We’re about to enter another weekend, when tired campaigners for human rights, civil rights, animal rights, and the environment try to sleep a bit later than usual. Unless they have small kids. But while they try to rest, the nihilistic free market economics machine rumbles machine, and its detrimental impact upon the world continues. The current chapter of the Dakota pipeline protest is closing, but this could be the start of something remarkable, not the end. The New York Times tell us that President Trump is taking aim at the environment and all manner of scary stuff being predicted for the North Atlantic. So on a Friday afternoon I find myself harking back to Irene’s comments.
As someone who works as a communications advisor to environmental campaigns, I like to tell myself that I’m not just a “PR guy” peddling #AlternativeFacts. I work to promote and protect a brand, and that brand is Planet Earth.

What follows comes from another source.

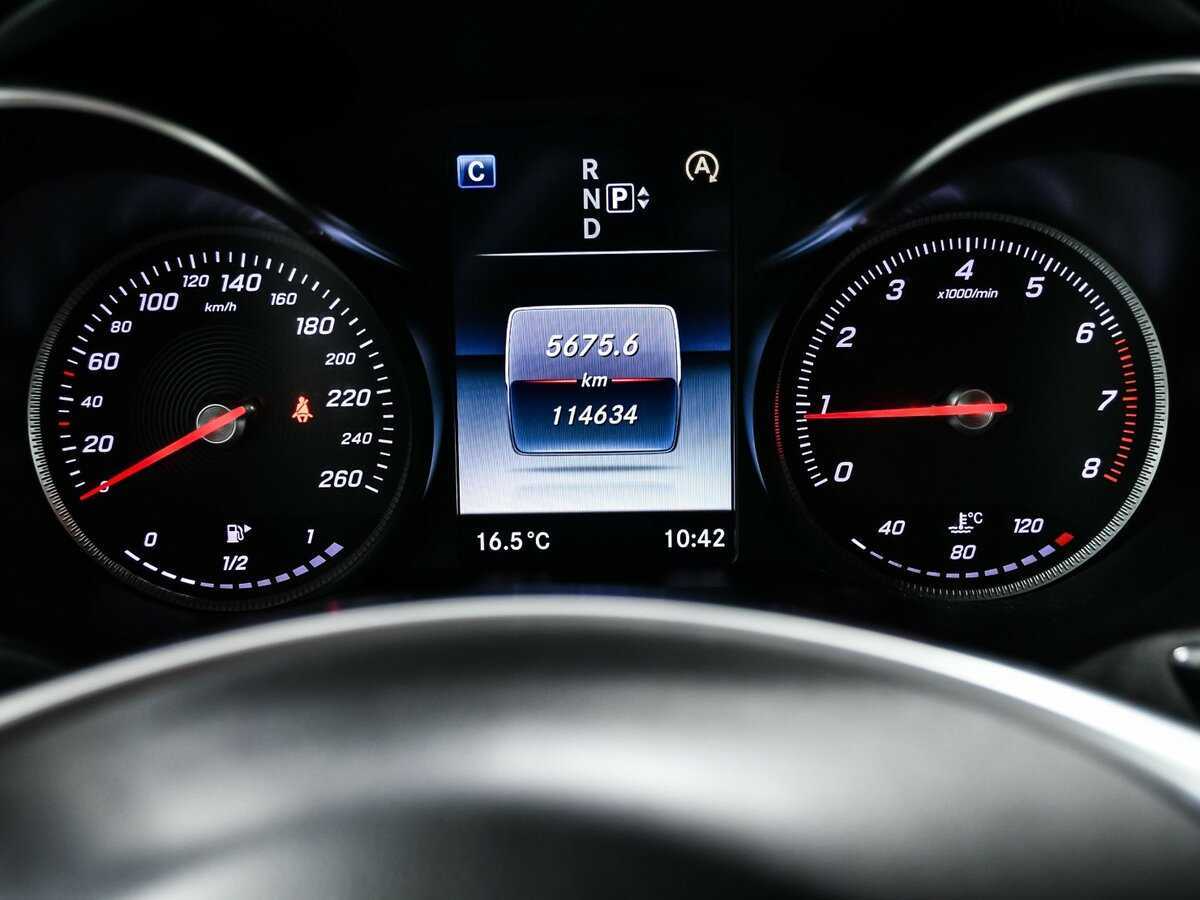 Mercedes-Benz C-Класс б/у, 2014, Автоматическая. Фото: #9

One of the organisations I work with, the Clean Arctic Alliance, is campaigning to get heavy fuel oil out of Arctic shipping. Last month, in Tromsø, Norway, we launched the Arctic Commitment, calling on the international community to sign up, and thereby contribute to protecting Arctic communities and ecosystems from the risks posed by the use of HFO. Read more: This is How You Make an Arctic Commitment.
By burning HFO, ships sailing in the Arctic – and anywhere else – harmful emissions of air pollutants, including sulphur oxide, nitrogen oxide, particulate matter, and black carbon. When emissions from HFO are deposited on Arctic snow or ice, the climate warming effect from the black carbon is at least three times more than when emitted over open ocean – leading to even more accelerated melt. So, it’s crucial that the global shipping industry start shifting away towards a fossil fuel free future – something that may be hastened by last week’s EU vote to include the shipping industry in Europe’s Emissions Trading Scheme (ETS).

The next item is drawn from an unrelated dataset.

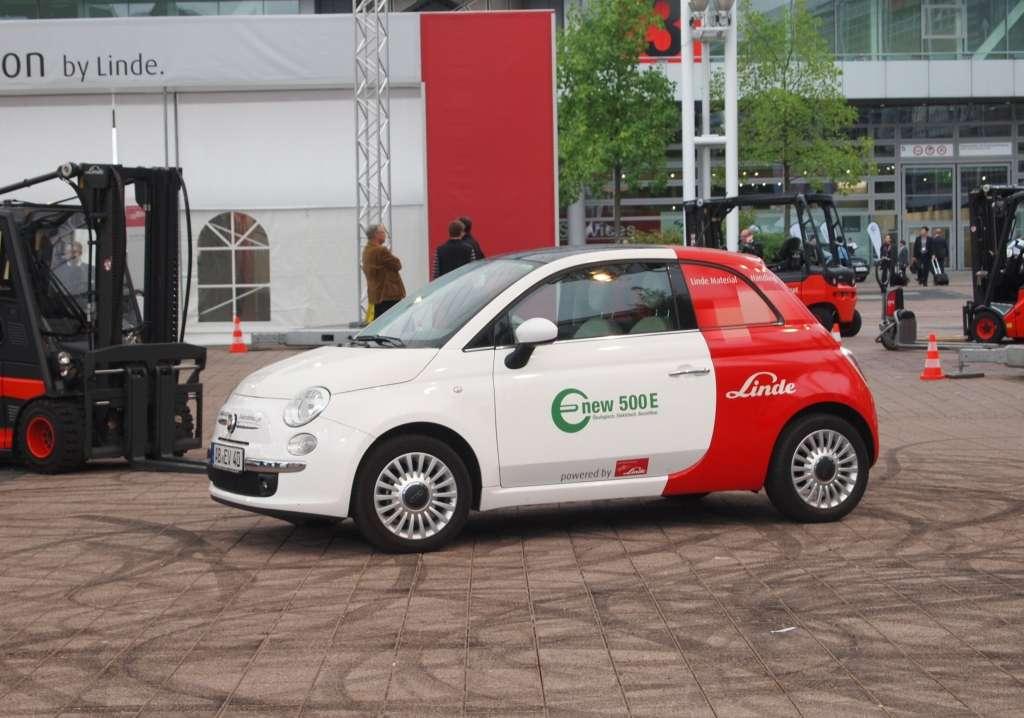 Fiat 500e deals karabag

There’s more. Next week, the European Parliament will is expected to pass its Arctic resolution, a broad document that, amongst other things, includes a recommendation to a ban on heavy fuel oil from the Arctic. In July, we’re expecting member countries of the International Maritime Organization to start the ball rolling on eventual ban, thanks to unprecedented interest in the issue.
Another recent piece of good news – widely reported, then swept away by all the bad news was a story from my homeland, Ireland. A bill introduced by member of parliament (TD) Thomas Pringle for Ireland to divest from fossil fuels to the Dáil Eireann, the Irish parliament, passed 90 to 53 votes. This means that’s the Ireland Strategic Investment Fund will no longer invest in any fossil fuel related activity. Ireland is the first country to take such a bold move. Even the apparently squeaky clean Norway, which has been divesting like crazy from its mammoth sovereign pension fund, is still up its elbows in generating revenue directly from the sales of oil.
To be, this Mr Pringle’s achievement is historic and incredible. Ireland has been lagging behind on its climate change obligations for some time, overplaying the “sure we’re only small what difference do we make” card, along with the agricultural version of Norway’s Arctic oil card “Our beef industry has relatively low climate impact, so if we stop doing it, someone else will replace us and be more carbon intensive”. My hope is that this helps change the narrative for Ireland, and instead of being a heavy per capita user of carbon-based fuels, that we take a cultural leap of faith, and use our punch-above-our-weight influence to good for the global climate. Nice move, Ireland, now do better.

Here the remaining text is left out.